* [WHAT IS EXPECTED] What is needed is a word-for-word copy of the listing below, without pictures.

* [DATA TO EXAMINE]
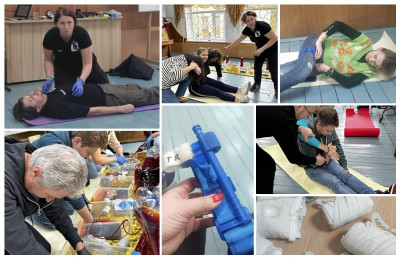 «Stop the bleed». Тренінг з надання домедичної допомоги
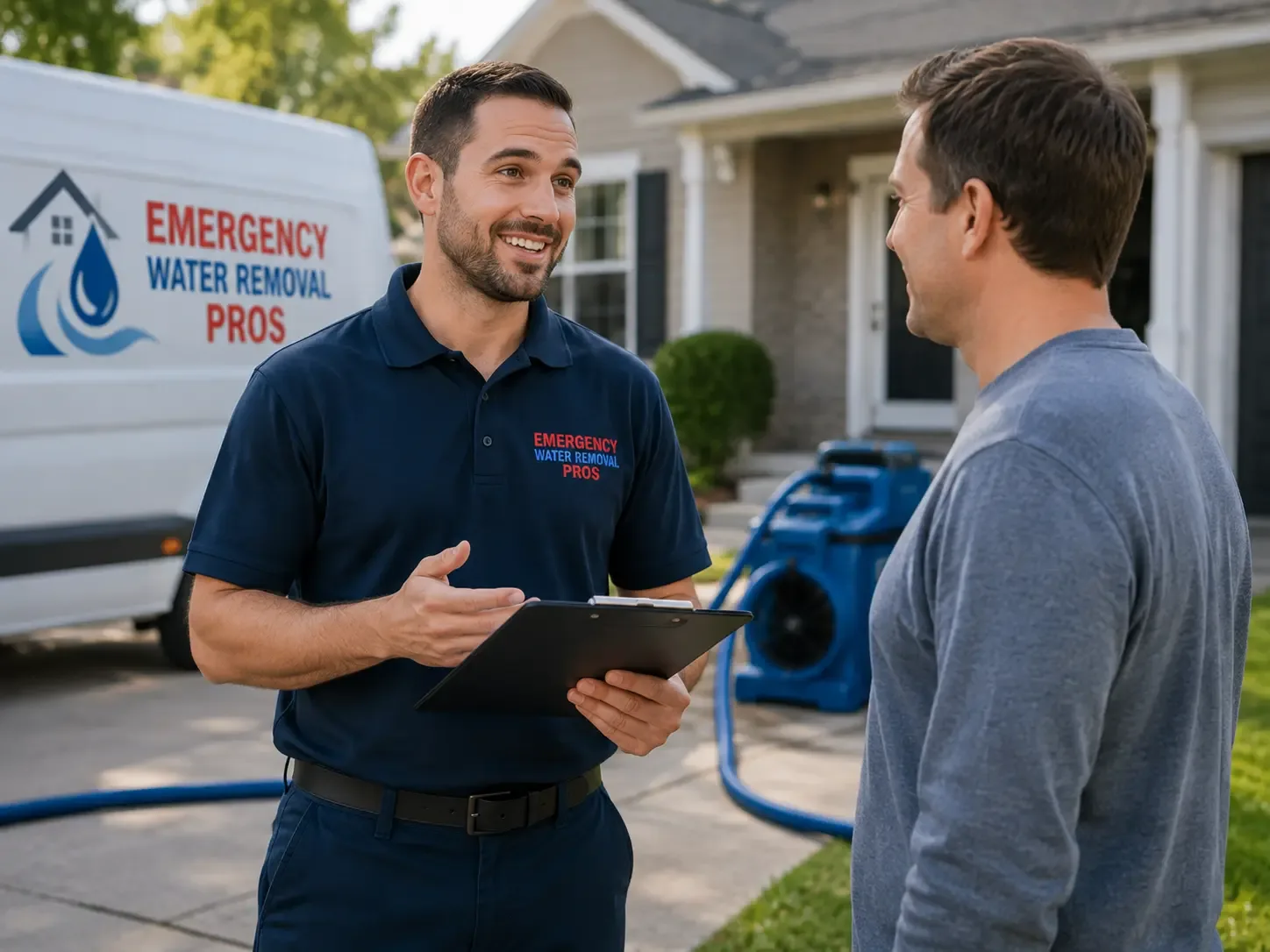 Emergency Water Removal Pilot Hill, CA FAQs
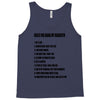 rules for dating my daughter shirt t shirt perfect father's gift Tank Top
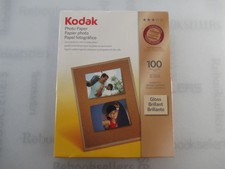 Kodak 8209017 Photo Paper, 6.5 mil, Glossy, 8-1/2 x 11, 100 Sheets/Pack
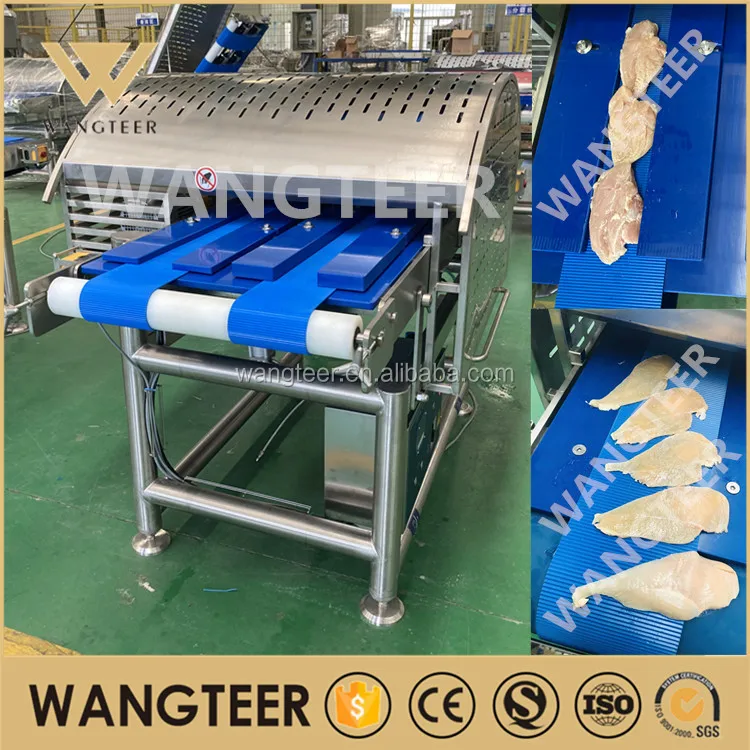 China Factory Frozen fish Chicken cutter Slicing Meat Slicer Machine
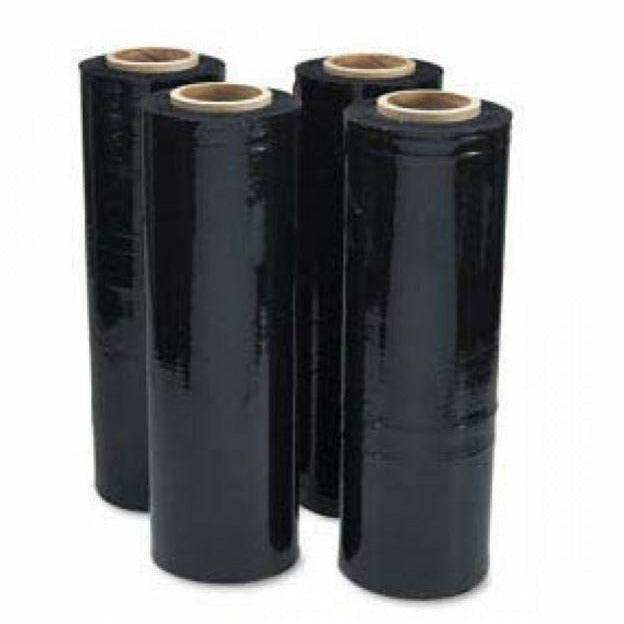 Tavice Stretch Pallet Wrap (Black) 1 Pack | 500mm x 450m - Battery Mate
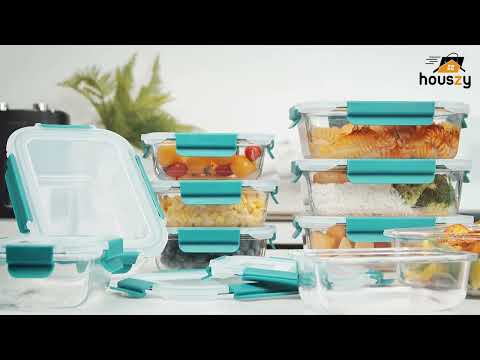 glass food storage containers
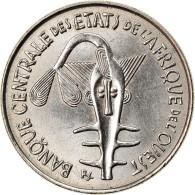 Monnaie, West African States, 100 Francs, 1975, SUP, Nickel, KM:4 - Elfenbeinküste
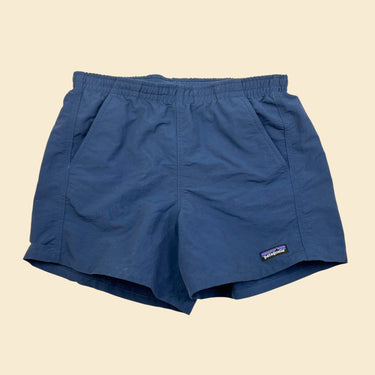 Short marine en nylon pour femmes XS
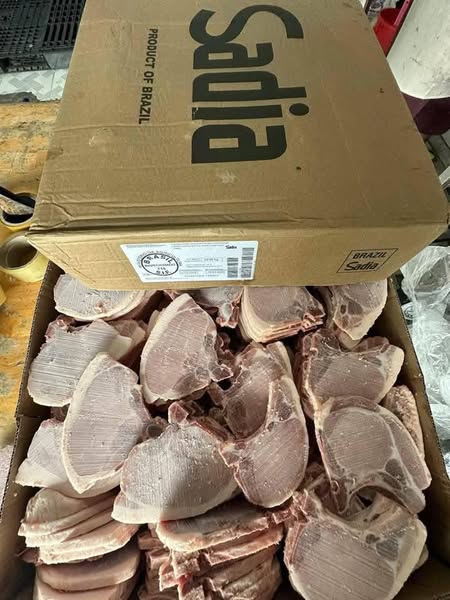 sườn cốt lết heo sadia brazil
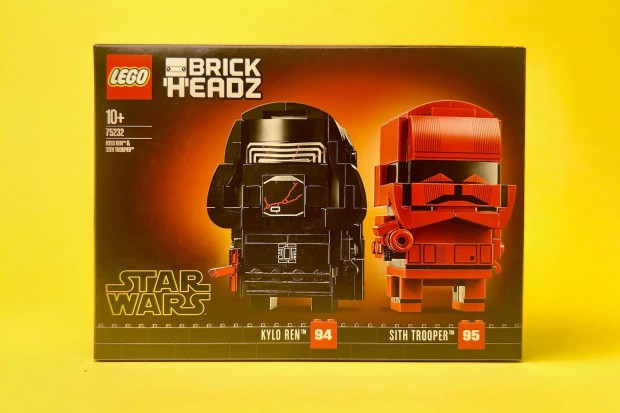 LEGO Brickheadz 75232 Kylo Ren & Sith Trooper, j, Bontatlan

* [ANSWER TO THIS TASK]
 «Stop the bleed». Тренінг з надання домедичної допомоги
 Emergency Water Removal Pilot Hill, CA FAQs
 rules for dating my daughter shirt t shirt perfect father's gift Tank Top
 Kodak 8209017 Photo Paper, 6.5 mil, Glossy, 8-1/2 x 11, 100 Sheets/Pack
 China Factory Frozen fish Chicken cutter Slicing Meat Slicer Machine
 Tavice Stretch Pallet Wrap (Black) 1 Pack | 500mm x 450m - Battery Mate
 glass food storage containers
 Monnaie, West African States, 100 Francs, 1975, SUP, Nickel, KM:4 - Elfenbeinküste
 Short marine en nylon pour femmes XS
 sườn cốt lết heo sadia brazil
 LEGO Brickheadz 75232 Kylo Ren & Sith Trooper, j, Bontatlan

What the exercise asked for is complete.